March 29, 2024 / by 

 

Fieger Acquitted of all Charges

As several of you have pointed out, Geoffrey Fieger and his law partner, Ven Johnson, were acquitted yesterday of all charges against them. While there was no question that Fieger and Johnson had reimbursed their employees for donations to John Edwards in 2004, the government did not prove that Fieger and Johnson intended to evade campaign finance laws, and therefore did not prove that they had broken the law.

I think the government lost this case for a number of reasons. First, Fieger’s team made a reasonable argument that the law in question doesn’t explicitly forbid reimbursement of employees; it only forbids giving in another person’s name. This made Fieger’s claim that he had researched the law and determined he could do what he did–reimburse employees–without believing he was evading the law.

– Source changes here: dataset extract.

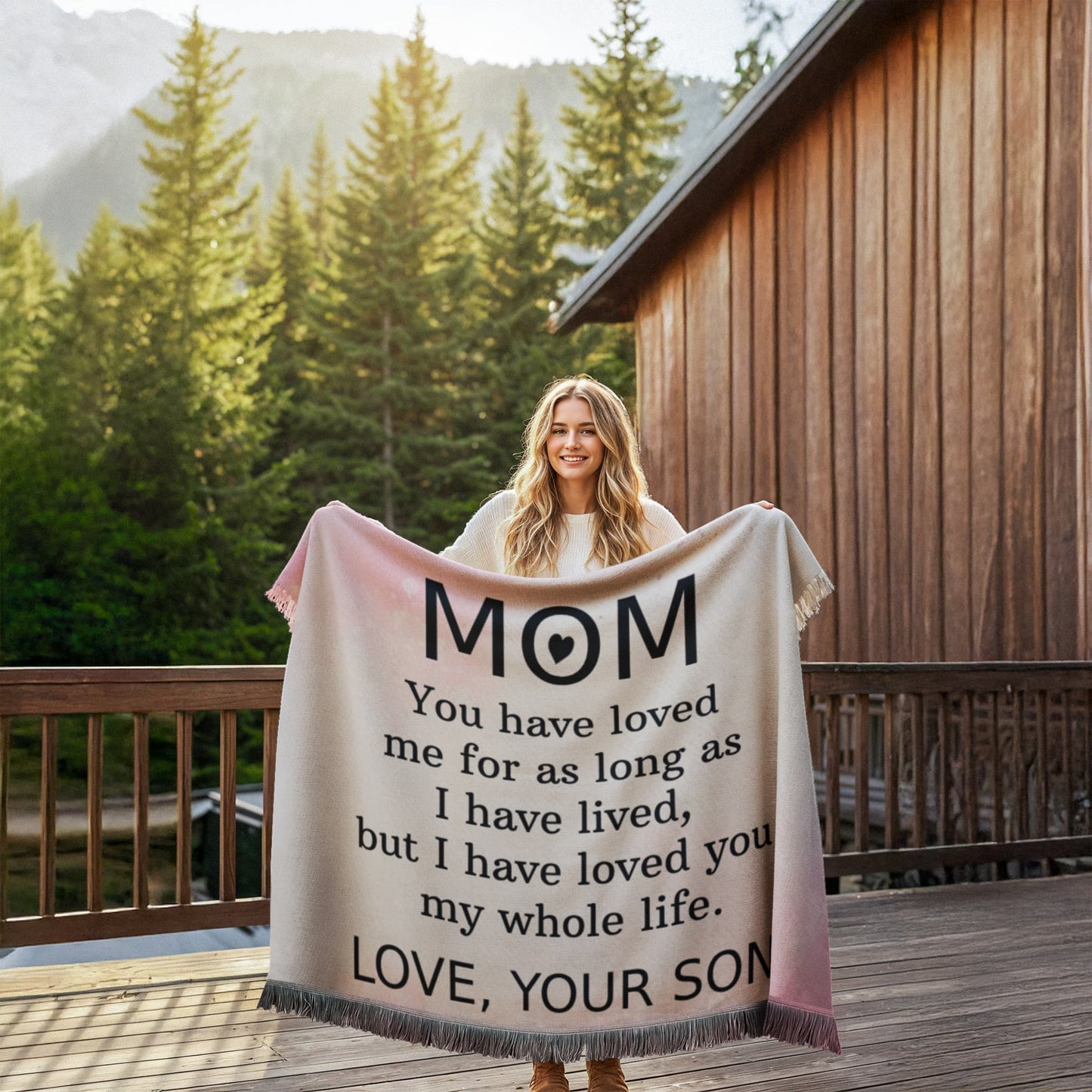To Mom From Son Printed Woven Blanket - Loved You My Whole Life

Just as importantly, the government repeatedly put witnesses on the stand that severely damaged its case. For example, it put Jeffrey Danzig on the stand only to have him testify about how common reimbursed donations are in the legal community.

“I’ve done exactly what I’ve done at the Fieger firm that’s the subject of this litigation on numerous occasions through my legal career at another firm,” Jeffrey Danzig testified on direct examination.

Fieger and partner Vernon (Ven) Johnson are charged with breaking campaign finance laws. Money was collected from employees, friends, relatives and other for the 2004 John Edwards presidential bid and the donations were then reimbursed by law firm checks.

The times he’d done the same thing while at the Lopatin-Miller law office were “too many to count,” Danzing said in later cross-examination.

Danzig also discredited the government’s key witness, Jay Humphrey.

Finally, though he’s a blowhard, Fieger did not botch his own testimony, and apparently convincingly argued that he would never do anything that might ruin his career. Which seems to be why the jurors voted not to convict.

“I think it was the lack of evidence that got us to our decision,” said juror Krista First 24, an accountant from Adrian.

Juror Maria Kruger, 42, a college student from Clinton Township, said there was no logical explanation for why Fieger and Johnson would commit career suicide over political contributions.

“I can’t imagine you would intentionally destroy your lives and the lives of the people around you,” she said.

Scott Horton reminds us that this is one of many cases that raised questions about selective prosecution. Now, frankly, if John Conyers thought there was an easy way to make hayout of a case in his own city, I suspect he would have made it. Sure, there is no doubt that the AG, one Supreme Court Judge, and the US Attorney have reasons to gun for Fieger. Sure, they went way overboard in sending 80 agents–in a city with significant terrorism investigations that never muster 80 agent stings–to question Fieger’s employees. Fieger is so notorious in the this town, though, it’s hard to separate an average FBI aegnt’s desire to take on a big legal blowhard from the AG’s desire to do so.

Mostly, though, I suspect that Republicans found Jay Humphrey while conducting a state-level investigation, and coached him to walk in the FBI’s front door to launch this case. Humphrey got fired from Fieger’s firm long after he complained about the donation scheme; after the charges were filed, Humphrey sued Fieger for wrongful termination (his attorney is one of the guys who fights the Republicans’ anti-affirmative action battles in the state), so he’s the classic disgruntled employee getting his revenge using something that–temporally at least–seems entirely unconnected. Sending Humphrey through to the FBI apparently of his own accord would have been a way for the state’s obviously personalized and politicized witch hunts against Fieger to try again at the federal level in a way that was, on the surface, clean from political taint. (This is precisely how Republicans inserted Linda Tripp–and with her, Monica Lewinsky–into Ken Starr’s investigation of Bill Clinton.)

And frankly, I think it was due more to the fact that the FBI agent and the AUSA investigating the case got so excited about taking down Fieger–therefore got really really sloppy–than any proper exercise of justice that the government didn’t win its case.